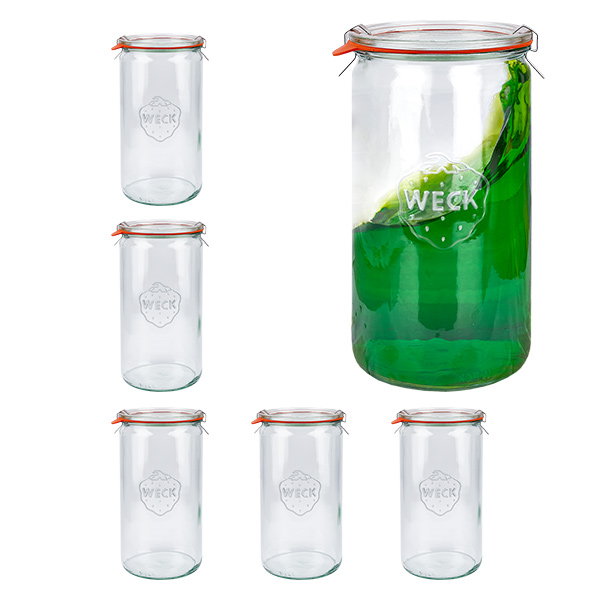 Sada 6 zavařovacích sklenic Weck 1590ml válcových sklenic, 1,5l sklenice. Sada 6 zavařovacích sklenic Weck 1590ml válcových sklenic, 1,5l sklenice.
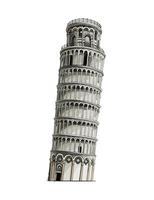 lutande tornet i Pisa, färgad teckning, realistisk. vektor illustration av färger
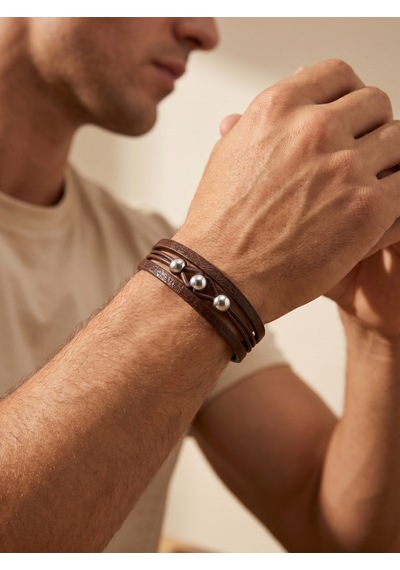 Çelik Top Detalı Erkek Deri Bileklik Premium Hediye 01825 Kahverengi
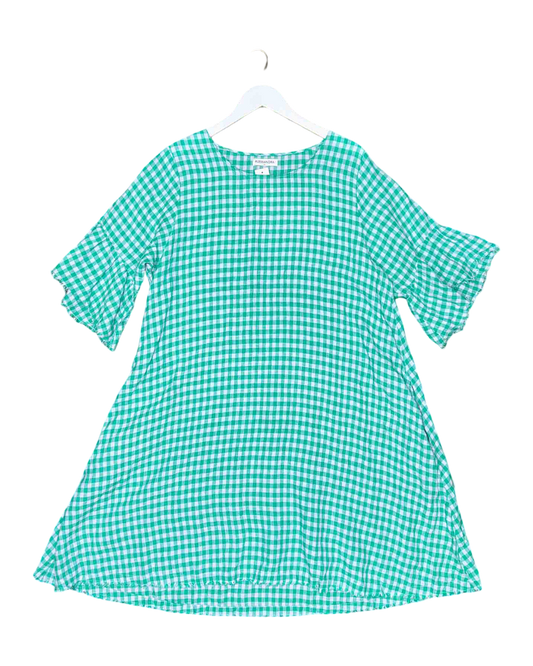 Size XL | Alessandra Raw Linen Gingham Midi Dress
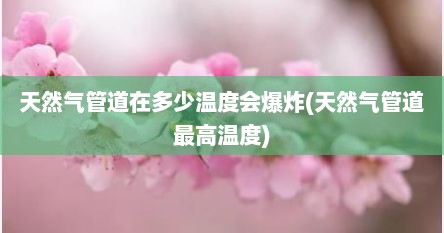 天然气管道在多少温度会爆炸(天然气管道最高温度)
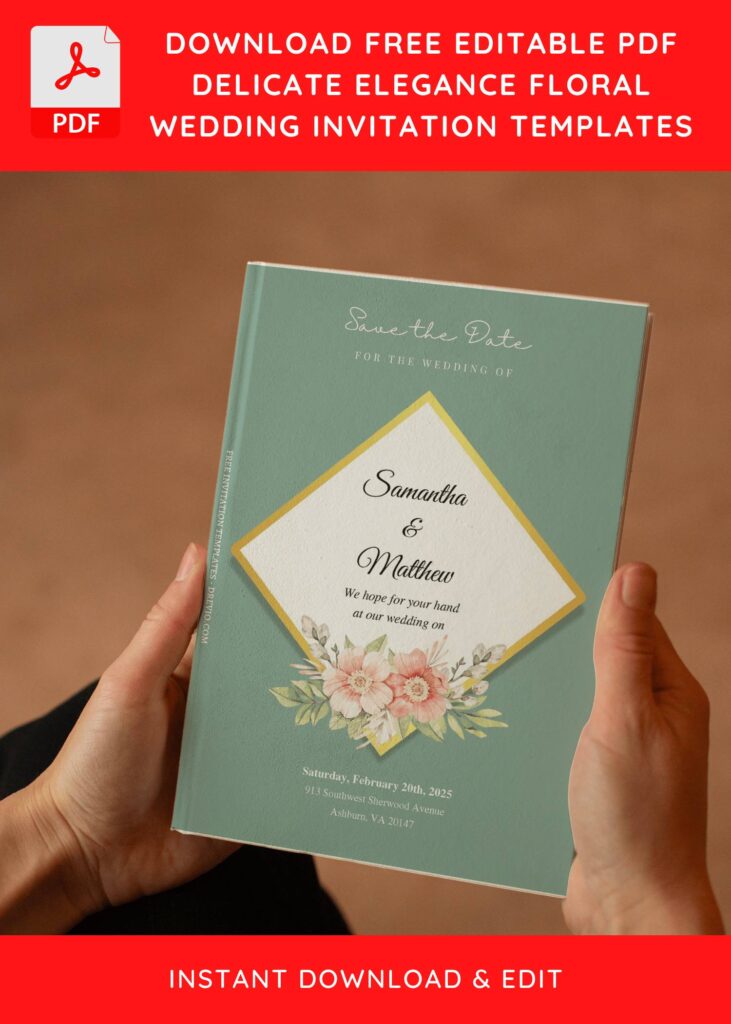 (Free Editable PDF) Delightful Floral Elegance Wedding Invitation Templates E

...

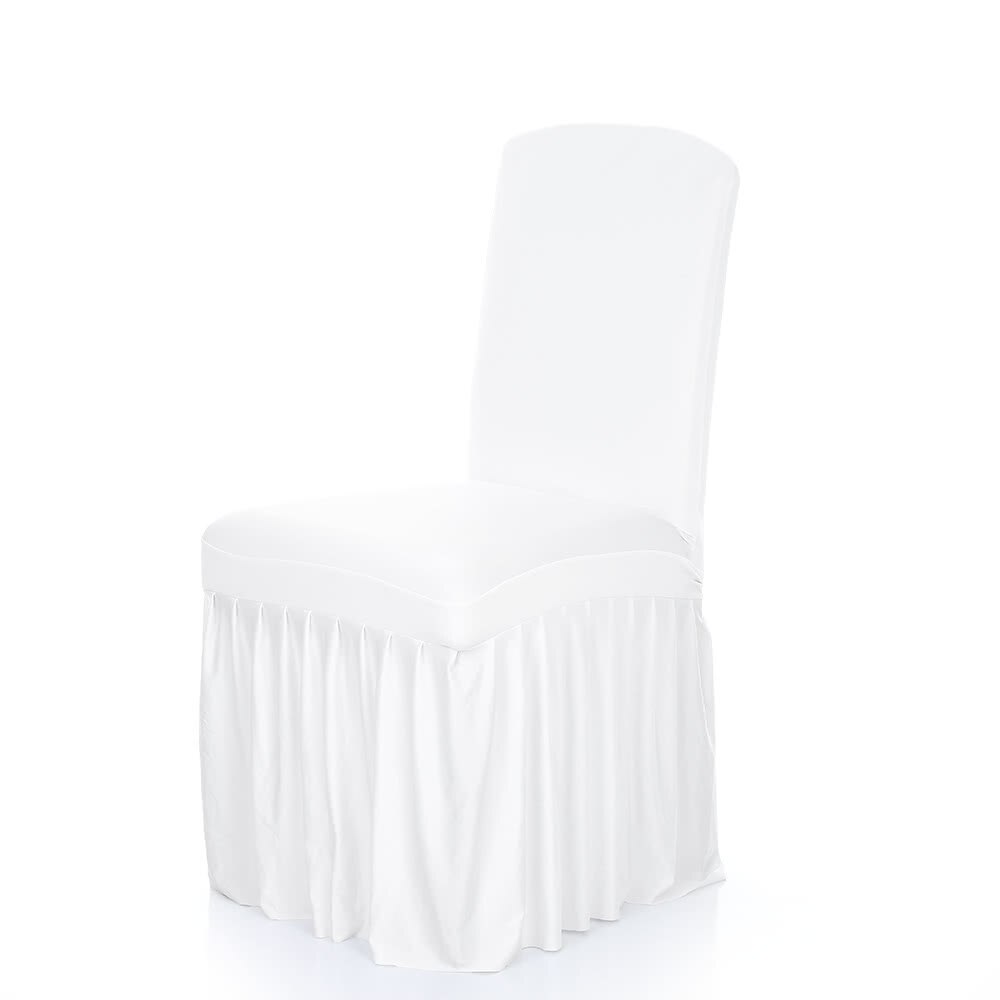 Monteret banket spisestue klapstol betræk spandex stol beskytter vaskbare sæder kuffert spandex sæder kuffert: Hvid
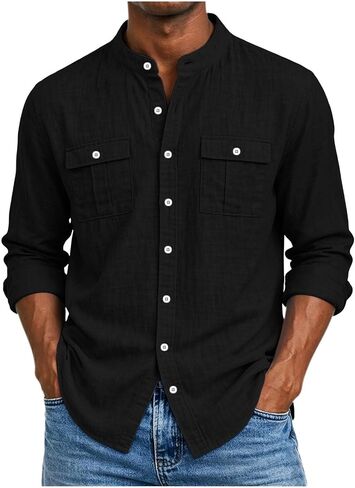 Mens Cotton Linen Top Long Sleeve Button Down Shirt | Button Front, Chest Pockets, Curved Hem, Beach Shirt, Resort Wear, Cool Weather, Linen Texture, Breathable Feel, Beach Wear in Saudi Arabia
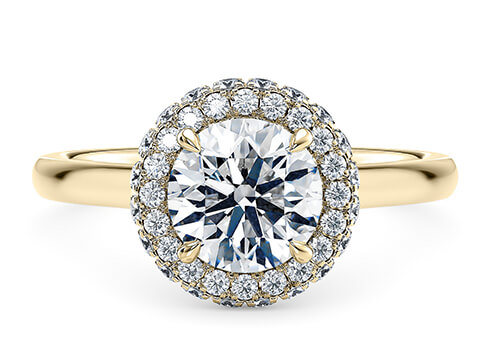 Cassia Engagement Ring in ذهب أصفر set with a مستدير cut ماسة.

Exercise objective: Please set down, exactly and with no pictures, the lines in the entries above starting at the one holding "Monteret banket spisestue" and ending at the one holding "Cassia Engagement Ring", ends included.

Task solution:
 Monteret banket spisestue klapstol betræk spandex stol beskytter vaskbare sæder kuffert spandex sæder kuffert: Hvid
 Mens Cotton Linen Top Long Sleeve Button Down Shirt | Button Front, Chest Pockets, Curved Hem, Beach Shirt, Resort Wear, Cool Weather, Linen Texture, Breathable Feel, Beach Wear in Saudi Arabia
 Cassia Engagement Ring in ذهب أصفر set with a مستدير cut ماسة.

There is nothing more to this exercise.